> ACTION ITEM:
Exact copy, pictures excluded: print the lines from the one with "Lot 3111 - Morphy Richards steam iron" through the final line of the records.

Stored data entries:
•••

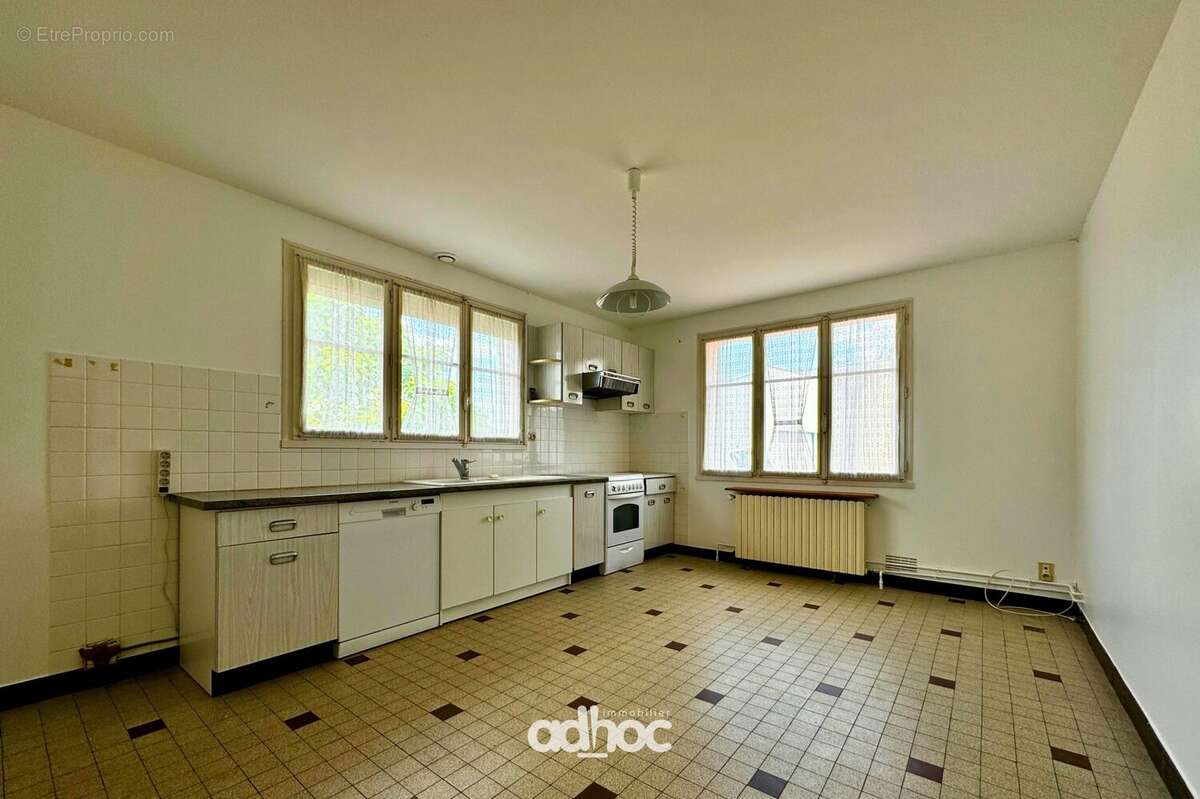 Maison à FAY-AUX-LOGES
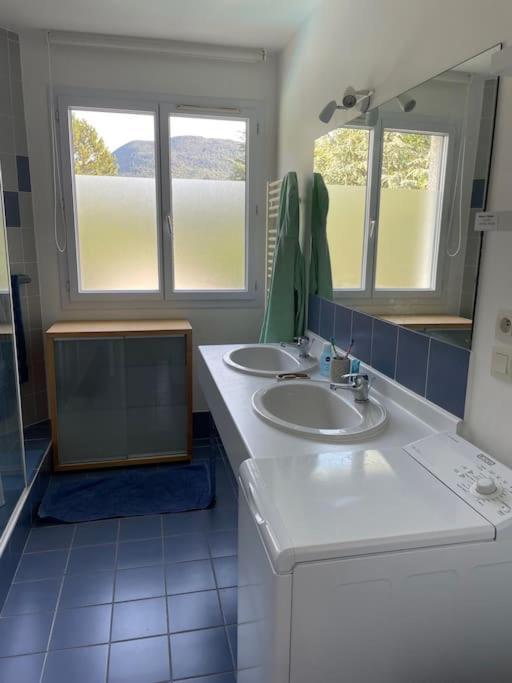Naves-Parmelan Chez Peggy & Victor - Appartement 4/5 Personnes מראה חיצוני תמונה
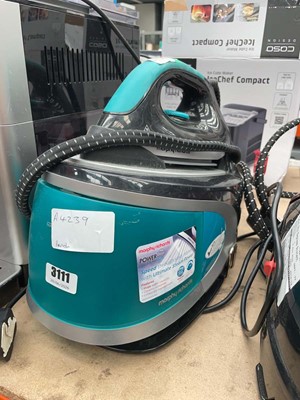 Lot 3111 - Morphy Richards steam iron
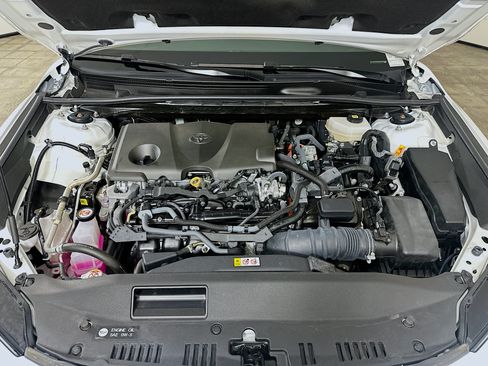 Used 2025 Toyota Camry SE w/ Convenience Package FWD image 31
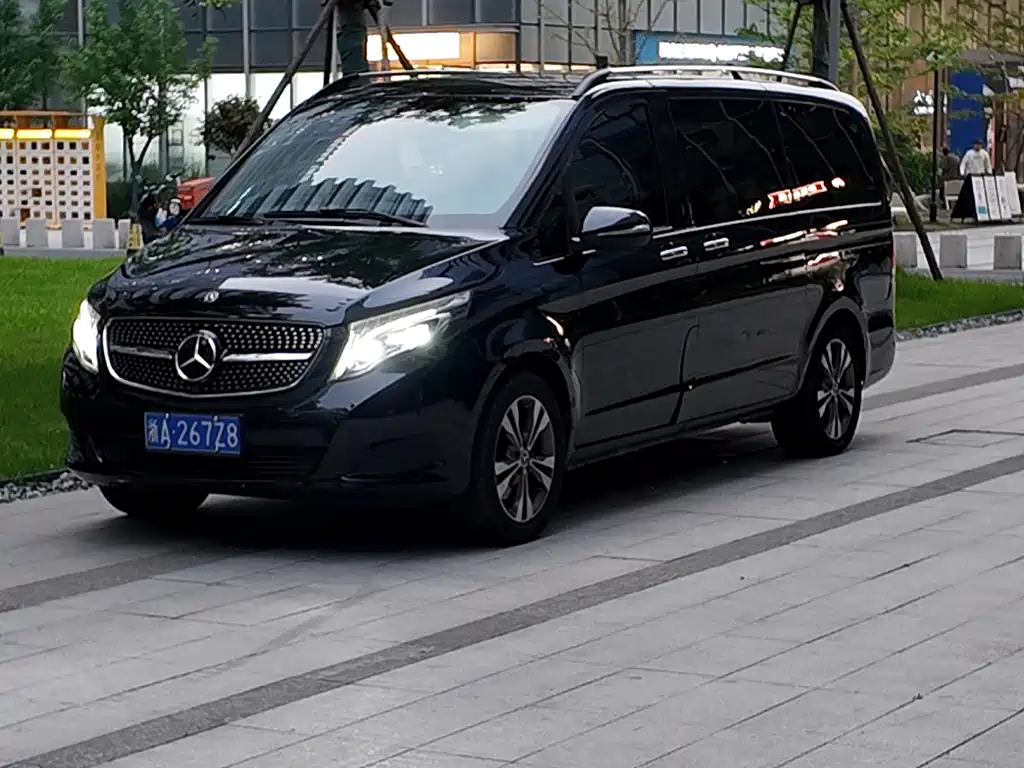 Mercedes-Benz V-Class 2019 — фото 3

•••

> WRITTEN SOLUTION:
 Lot 3111 - Morphy Richards steam iron
 Used 2025 Toyota Camry SE w/ Convenience Package FWD image 31
 Mercedes-Benz V-Class 2019 — фото 3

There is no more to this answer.